Program Drivers – Strategic Partnerships:
To achieve these objectives and guided by the operating principles above, My Home My Community strengthens and expands four local-to-national strategic, proactive and integrated partnerships:
To drive the transformation and development process it is essential to build the leadership and organizational capacity of: self-advocacy and family networks to better connect with individuals and aging families in their communities; volunteer boards directing community residential and support agencies; their executive leadership; and, their staff who provide direct supports to individuals and families.

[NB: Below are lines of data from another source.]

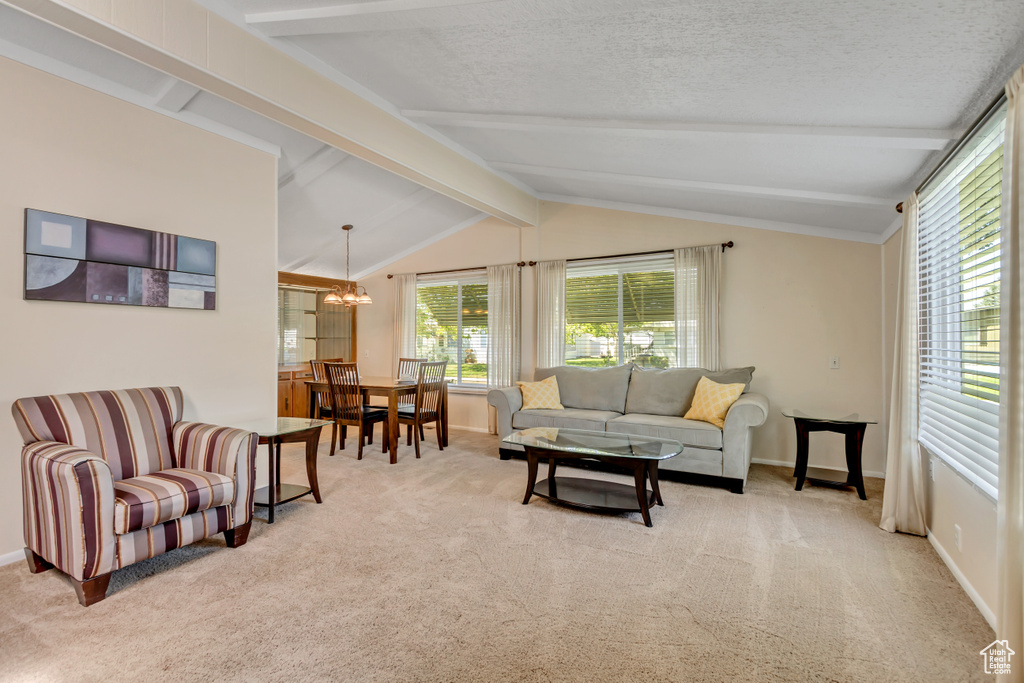 Living area with a chandelier and carpet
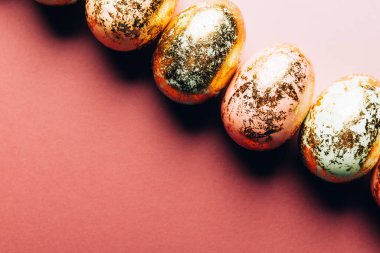 Pembe arka planda doğal benekli pastel renkli Paskalya yumurtaları. Mutlu Paskalya kartı konsepti, minimalist tasarım, kopyalama alanı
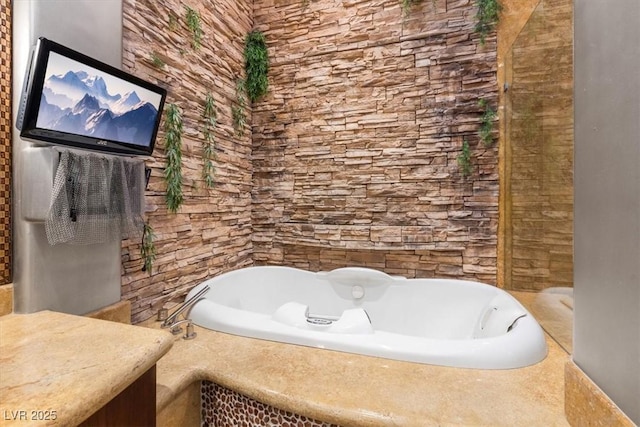 bathroom featuring a relaxing tiled tub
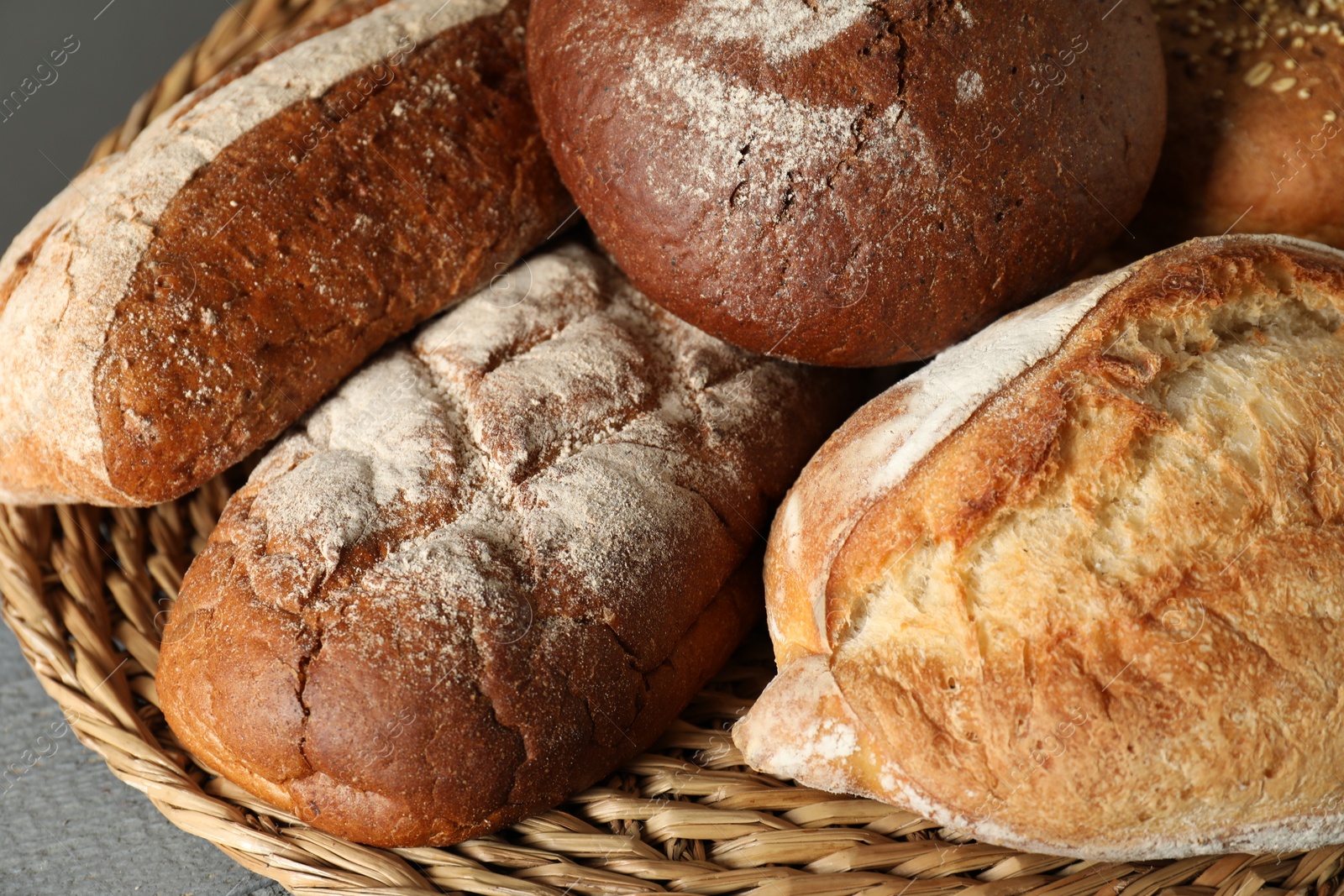 Photo of Wicker basket with different types of fresh bread on grey table, closeup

At the provincial-territorial level, these partnerships must also engage government departments responsible for housing and community services which have a stake in the group home housing stock owned by community agencies.
Inclusive Housing and Supports
Links are needed between community residential and support agencies, self-advocate and family leaders, financial institutions, housing developers and government partners to develop and deliver affordable housing, individualized planning services, and individualized, flexible personal supports in select communities. Pilot initiatives have forged these partnerships to invest in new housing development, leverage group home assets, and deliver individualized planning and support to individuals and families for a home of one’s own and supports in the community. These initiatives are assisting aging parents now supporting adult children at home and residential and support agencies to transition from inadequate housing/support arrangements and group home provision to independent living in the private sector and non-profit housing markets.
Inclusive Cities and Communities
Municipal and community leaders and partners from diverse groups facing housing affordability issues, social exclusion, marginalization and victimization in their communities must partner to advance community inclusion and the social infrastructure to sustain it in cities and communities across Canada. Through partnership building, nurturing shared understanding across diverse groups and systematic auditing of community services, these partners are identifying service and support gaps that leave people vulnerable. Together, they are creating shared strategies to motivate welcoming and supportive communities for all.
Policy researchers, thought leaders, and representatives from the financial sector, housing developers and the disability community work together to identify good practices and enabling policy options. These partnerships are exploring: ways to ‘take stock of housing stock’ owned by local associations; leveraging opportunities and strategies; tax policy options to increasing family and private sector partnership and investment in affordable housing; and impact of the regulatory environment like minimum down payment rules.
It is also critically important to design policy solutions to assist residential agencies ‘unbundle’ their housing stock and support services. Policy, processes and safeguards are needed to shift current investment in congregated, segregated housing units – so that history is not repeated and good intentions do not result yet again in more congregated, segregated arrangements.